(Records for the task):
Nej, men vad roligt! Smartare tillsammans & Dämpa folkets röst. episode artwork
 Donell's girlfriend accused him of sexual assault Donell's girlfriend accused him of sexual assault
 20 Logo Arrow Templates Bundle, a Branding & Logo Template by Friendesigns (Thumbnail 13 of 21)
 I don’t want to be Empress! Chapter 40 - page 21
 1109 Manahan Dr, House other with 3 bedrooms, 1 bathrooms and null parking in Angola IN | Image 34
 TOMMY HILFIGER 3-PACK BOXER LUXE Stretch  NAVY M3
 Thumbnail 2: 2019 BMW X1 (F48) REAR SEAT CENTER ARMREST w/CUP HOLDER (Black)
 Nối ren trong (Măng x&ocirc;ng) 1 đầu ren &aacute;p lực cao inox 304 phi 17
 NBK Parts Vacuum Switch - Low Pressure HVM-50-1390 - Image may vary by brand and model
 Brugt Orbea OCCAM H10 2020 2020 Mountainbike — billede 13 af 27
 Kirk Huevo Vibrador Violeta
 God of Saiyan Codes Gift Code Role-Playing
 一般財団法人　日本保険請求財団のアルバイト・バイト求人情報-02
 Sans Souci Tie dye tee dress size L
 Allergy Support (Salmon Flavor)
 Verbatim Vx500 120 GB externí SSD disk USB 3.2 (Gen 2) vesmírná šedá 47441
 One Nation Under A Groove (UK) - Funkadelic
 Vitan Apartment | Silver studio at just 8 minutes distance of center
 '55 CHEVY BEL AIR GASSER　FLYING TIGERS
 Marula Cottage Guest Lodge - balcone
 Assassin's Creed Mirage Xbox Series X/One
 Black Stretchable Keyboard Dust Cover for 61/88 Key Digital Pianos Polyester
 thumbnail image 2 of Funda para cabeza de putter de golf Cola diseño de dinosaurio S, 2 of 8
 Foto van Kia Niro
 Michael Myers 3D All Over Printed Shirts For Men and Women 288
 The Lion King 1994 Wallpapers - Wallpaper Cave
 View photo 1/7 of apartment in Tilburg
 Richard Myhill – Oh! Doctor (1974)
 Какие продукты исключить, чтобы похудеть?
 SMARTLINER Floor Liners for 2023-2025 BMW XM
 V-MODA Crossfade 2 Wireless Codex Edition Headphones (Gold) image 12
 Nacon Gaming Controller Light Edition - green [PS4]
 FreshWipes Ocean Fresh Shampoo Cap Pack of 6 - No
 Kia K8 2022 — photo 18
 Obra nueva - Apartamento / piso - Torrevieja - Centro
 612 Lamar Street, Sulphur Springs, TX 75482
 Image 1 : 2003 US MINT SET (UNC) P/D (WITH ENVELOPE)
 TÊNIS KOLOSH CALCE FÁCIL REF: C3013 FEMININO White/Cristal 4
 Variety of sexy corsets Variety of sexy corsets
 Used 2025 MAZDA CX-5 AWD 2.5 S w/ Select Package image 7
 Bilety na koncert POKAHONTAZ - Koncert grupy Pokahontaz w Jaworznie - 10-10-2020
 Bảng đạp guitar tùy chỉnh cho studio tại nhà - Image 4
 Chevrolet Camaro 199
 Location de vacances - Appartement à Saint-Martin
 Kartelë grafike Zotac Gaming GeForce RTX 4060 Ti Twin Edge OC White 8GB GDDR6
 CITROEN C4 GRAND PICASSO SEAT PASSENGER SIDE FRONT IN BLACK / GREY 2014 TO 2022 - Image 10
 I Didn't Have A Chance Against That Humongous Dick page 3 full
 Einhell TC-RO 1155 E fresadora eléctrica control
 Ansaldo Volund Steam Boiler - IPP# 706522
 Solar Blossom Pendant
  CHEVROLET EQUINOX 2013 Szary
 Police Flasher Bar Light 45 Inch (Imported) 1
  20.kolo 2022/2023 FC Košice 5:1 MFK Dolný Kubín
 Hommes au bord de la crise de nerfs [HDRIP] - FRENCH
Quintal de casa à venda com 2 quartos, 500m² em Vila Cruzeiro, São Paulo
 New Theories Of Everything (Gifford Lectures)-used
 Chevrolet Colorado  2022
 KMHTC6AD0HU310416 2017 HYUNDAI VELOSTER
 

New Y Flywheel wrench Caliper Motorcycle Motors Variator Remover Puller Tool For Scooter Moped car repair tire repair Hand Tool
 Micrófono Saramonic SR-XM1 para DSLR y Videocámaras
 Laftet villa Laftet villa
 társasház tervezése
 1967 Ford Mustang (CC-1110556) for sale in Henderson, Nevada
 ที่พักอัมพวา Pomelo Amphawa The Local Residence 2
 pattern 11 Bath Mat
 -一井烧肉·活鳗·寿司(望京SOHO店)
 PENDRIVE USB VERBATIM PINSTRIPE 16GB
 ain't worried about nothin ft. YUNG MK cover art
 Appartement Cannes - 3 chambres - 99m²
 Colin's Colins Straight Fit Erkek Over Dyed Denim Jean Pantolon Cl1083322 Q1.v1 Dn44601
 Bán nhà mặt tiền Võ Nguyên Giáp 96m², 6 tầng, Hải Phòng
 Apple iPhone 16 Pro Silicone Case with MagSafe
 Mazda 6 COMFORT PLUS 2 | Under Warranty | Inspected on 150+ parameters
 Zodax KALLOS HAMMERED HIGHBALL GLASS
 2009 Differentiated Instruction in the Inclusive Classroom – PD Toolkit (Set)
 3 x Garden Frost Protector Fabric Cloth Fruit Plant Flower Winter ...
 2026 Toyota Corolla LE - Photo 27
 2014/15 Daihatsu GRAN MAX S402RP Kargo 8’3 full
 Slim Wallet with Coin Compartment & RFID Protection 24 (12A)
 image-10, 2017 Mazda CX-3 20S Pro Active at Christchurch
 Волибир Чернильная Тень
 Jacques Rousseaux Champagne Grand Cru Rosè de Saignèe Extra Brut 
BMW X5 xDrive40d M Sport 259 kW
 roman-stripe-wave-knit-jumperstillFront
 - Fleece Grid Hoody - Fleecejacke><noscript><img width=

(About this exercise):
Only lines with the word "Gaming" go in the answer. Take them all from the entries above.

(Solution to the problem):
 Nacon Gaming Controller Light Edition - green [PS4]
 Kartelë grafike Zotac Gaming GeForce RTX 4060 Ti Twin Edge OC White 8GB GDDR6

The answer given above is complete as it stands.